Von: ka
Trebaselghe/Venetien – Grafica Veneta – ein bekanntes Druckereiunternehmen in Trebaselghe bei Padua in Venetien – sucht seit Monaten verzweifelt nach Arbeitskräften. Trotz eines gebotenen angemessenen Gehalts und vom Arbeitgeber selbst übernommener Ausbildung konnten von 25 Stellen bisher nur vier besetzt werden. Wer ist Schuld an der Misere?
Fabio Franceschi, Chef von Grafica Veneta, kann es kaum fassen.

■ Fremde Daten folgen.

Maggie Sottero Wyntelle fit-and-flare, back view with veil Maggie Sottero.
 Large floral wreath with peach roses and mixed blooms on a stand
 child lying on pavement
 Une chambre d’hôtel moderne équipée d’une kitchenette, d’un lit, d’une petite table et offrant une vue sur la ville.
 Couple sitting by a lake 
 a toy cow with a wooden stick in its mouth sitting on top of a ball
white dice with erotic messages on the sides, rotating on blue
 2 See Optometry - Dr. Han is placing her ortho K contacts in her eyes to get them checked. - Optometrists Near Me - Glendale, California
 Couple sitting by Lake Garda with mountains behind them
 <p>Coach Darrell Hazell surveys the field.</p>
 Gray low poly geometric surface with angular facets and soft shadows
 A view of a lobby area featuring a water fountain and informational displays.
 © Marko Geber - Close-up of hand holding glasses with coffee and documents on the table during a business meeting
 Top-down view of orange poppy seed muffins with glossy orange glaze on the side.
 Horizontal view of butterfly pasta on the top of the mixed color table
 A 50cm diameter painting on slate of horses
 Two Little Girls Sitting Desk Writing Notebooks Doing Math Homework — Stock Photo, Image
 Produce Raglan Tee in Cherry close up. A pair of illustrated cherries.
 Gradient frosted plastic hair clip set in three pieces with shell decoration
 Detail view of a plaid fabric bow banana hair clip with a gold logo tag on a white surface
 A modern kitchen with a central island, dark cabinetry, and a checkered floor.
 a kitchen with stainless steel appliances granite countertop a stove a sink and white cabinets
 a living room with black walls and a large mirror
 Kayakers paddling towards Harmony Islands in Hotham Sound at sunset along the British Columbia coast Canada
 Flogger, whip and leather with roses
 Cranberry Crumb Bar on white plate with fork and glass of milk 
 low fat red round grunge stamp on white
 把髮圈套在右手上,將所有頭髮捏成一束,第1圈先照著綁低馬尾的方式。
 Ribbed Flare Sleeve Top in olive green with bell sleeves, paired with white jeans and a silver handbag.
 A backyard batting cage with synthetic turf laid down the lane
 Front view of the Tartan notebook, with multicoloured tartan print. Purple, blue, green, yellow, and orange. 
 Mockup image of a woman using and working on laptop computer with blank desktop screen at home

In einem Land wie Italien, in dem tagtäglich über die hohe Arbeitslosigkeit und dem Mangel an freien Stellen geklagt wird, gelingt es seinem bekannten Druckereiunternehmen nicht, 25 freie Stellen zu besetzen. Obwohl Grafica Veneta einen sicheren Arbeitsplatz sowie je nach Einstufung ein Anfangsgehalt von 1.300 bis 1.500 Euro bietet, konnte Fabio Franceschi für sein Unternehmen in drei Monaten bisher nur vier neue Mitarbeiter gewinnen.
„Ich kann es mir nicht erklären, warum kaum einer auf unser Angebot reagiert. Wir suchen keine spezialisierten Arbeitskräfte, auch wenn etwas Erfahrung in der Druckerei von Nutzen wäre, sondern Arbeitskräfte, die wir an unserer neuen Rotationsdruckerpresse, einer Investition von 10 Millionen Euro, einsetzen können. Der Mangel an Personal wird bei uns langsam zu einem Problem, weil er unseren Investitionsplan einbremst und wir eine 10 Millionen Euro teure Rotationspresse nicht nutzen können“, so Fabio Franceschi gegenüber einem Lokalblatt.
Fabio Franceschi versicherte gegenüber der Zeitung, dass er, um genügend Arbeitskräfte zu finden, nichts unversucht gelassen hatte. Die Personalabteilung von Grafica Veneta schaltete nicht nur klassische Annoncen in den Anzeigen- und Stellenangebotsseiten lokaler Tagblätter, sondern suchte auch über Arbeitsagenturen nach geeigneten Arbeitskräften. Zuletzt wurden sogar Angestellte, die früher bei Grafica Veneta gearbeitet oder ein Praktikum absolviert hatten, antelefoniert. Aber es war nichts zu machen. Einige hatten bereits eine neue Anstellung gefunden, während andere nicht dazu bereit waren, auch einen Turnusdienst zu versehen.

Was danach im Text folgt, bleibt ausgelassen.